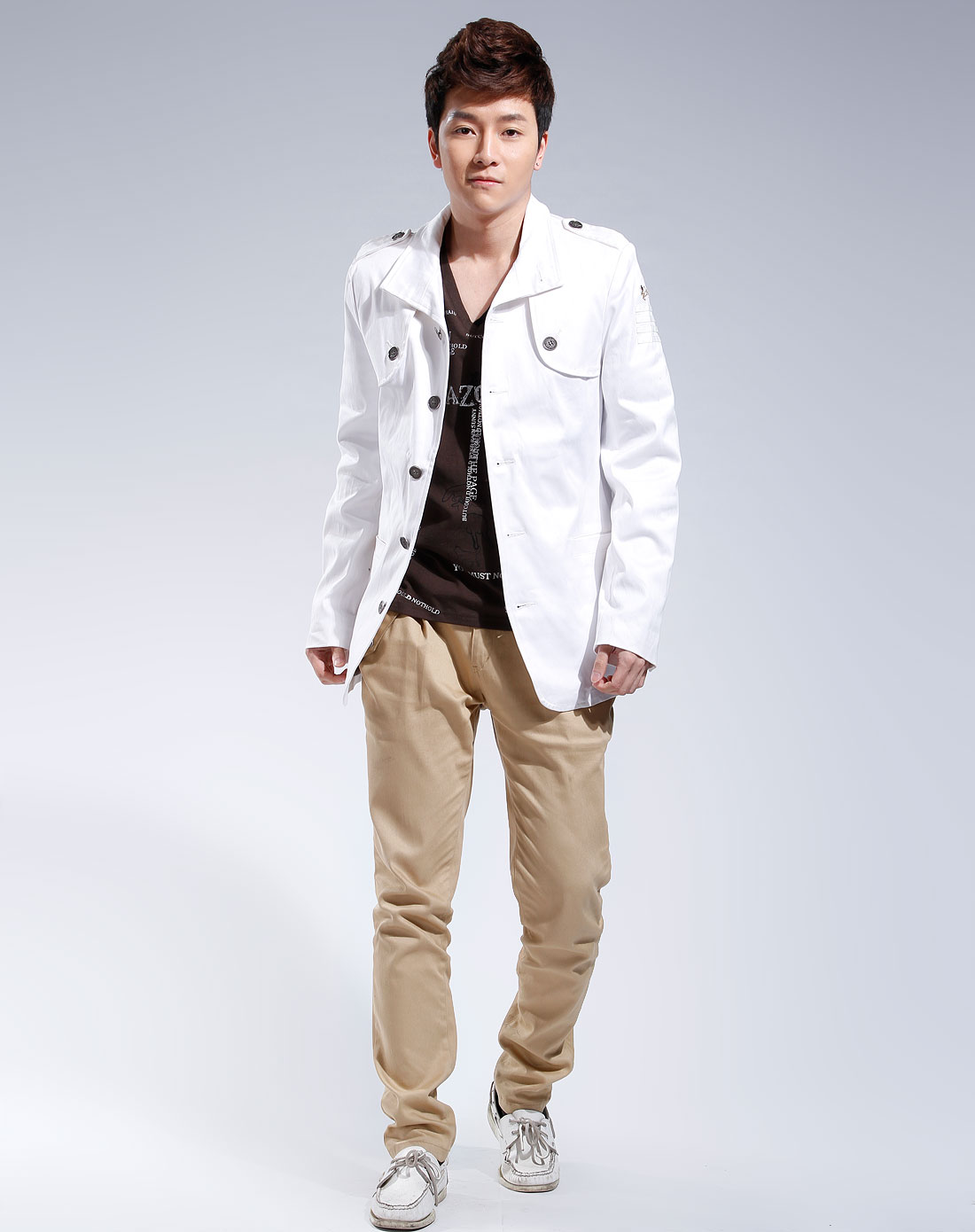 azone男装专场男款白色军装风衣长袖外套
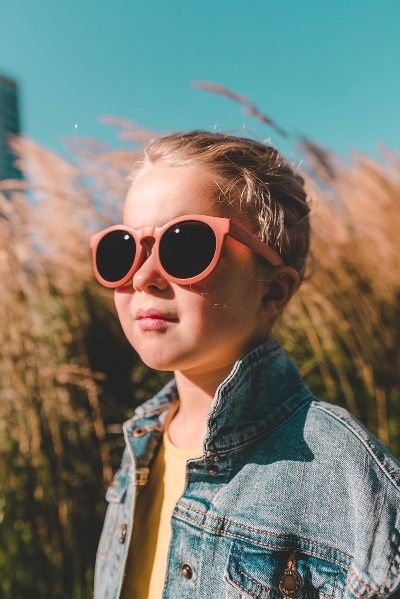 The Chill Sunglasses offer 100% protection against UVA/UVB rays Child wearing Real Shades Toddler Sunglasses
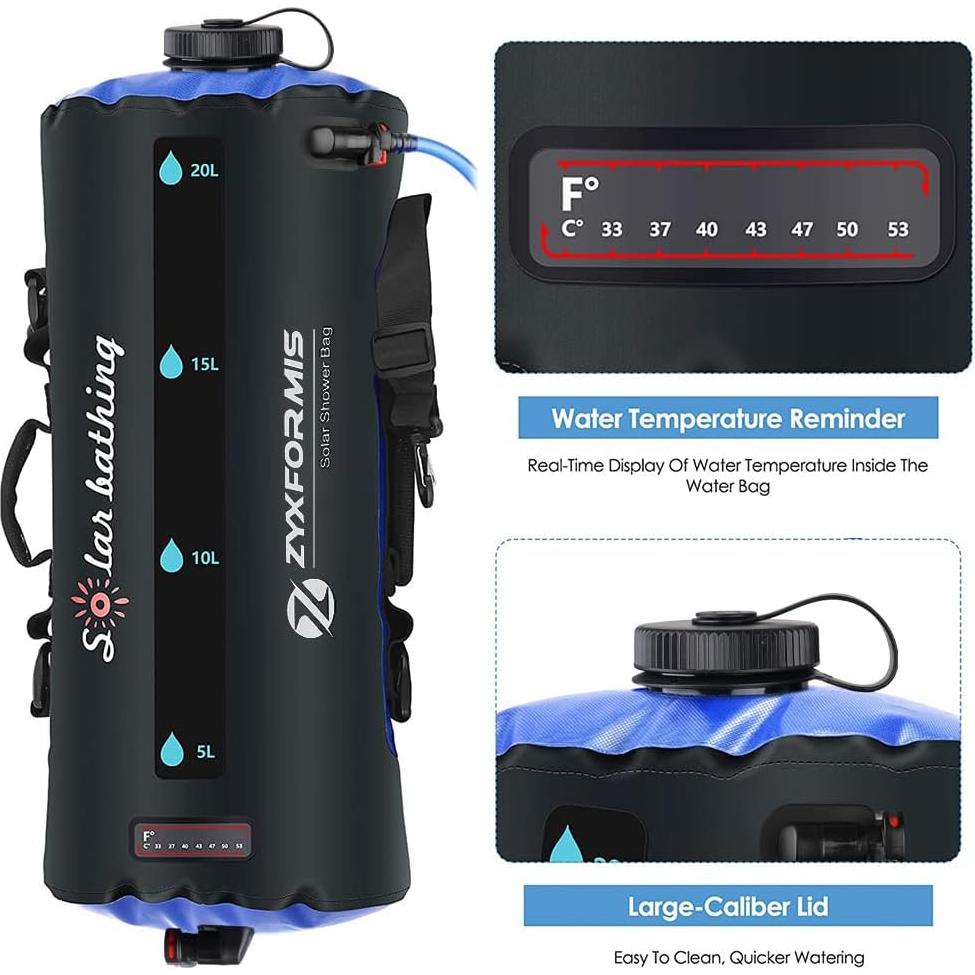Bolsa de Ducha Camping Zyxformis 20L con Bomba de Pie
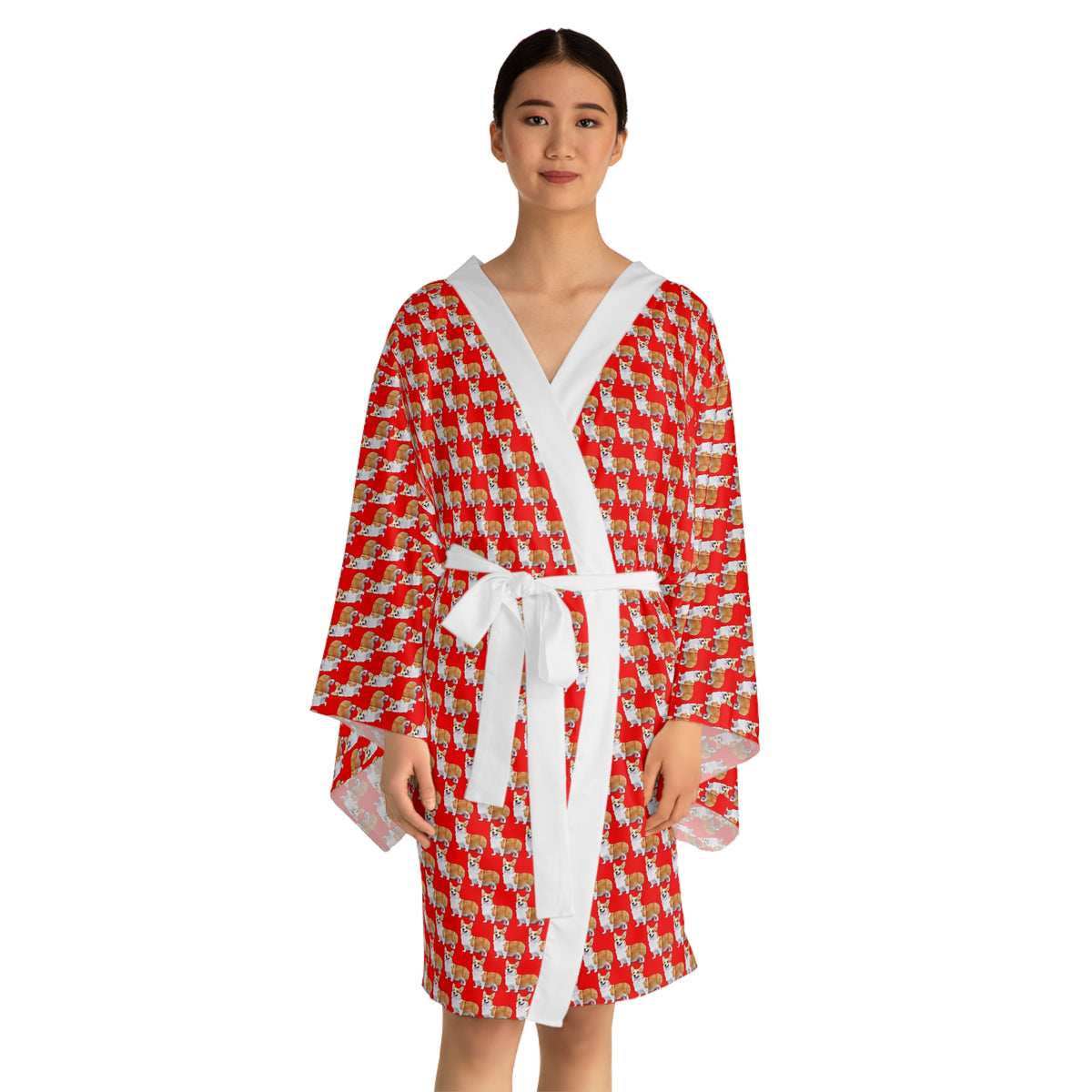 Best In Show Kimono Robe - Silky Red Corgi Housecoat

### Problem to work on
Print out all the material word for word but exclude any images.

### Response for this exercise
 azone男装专场男款白色军装风衣长袖外套
 The Chill Sunglasses offer 100% protection against UVA/UVB rays Child wearing Real Shades Toddler Sunglasses
Bolsa de Ducha Camping Zyxformis 20L con Bomba de Pie
 Best In Show Kimono Robe - Silky Red Corgi Housecoat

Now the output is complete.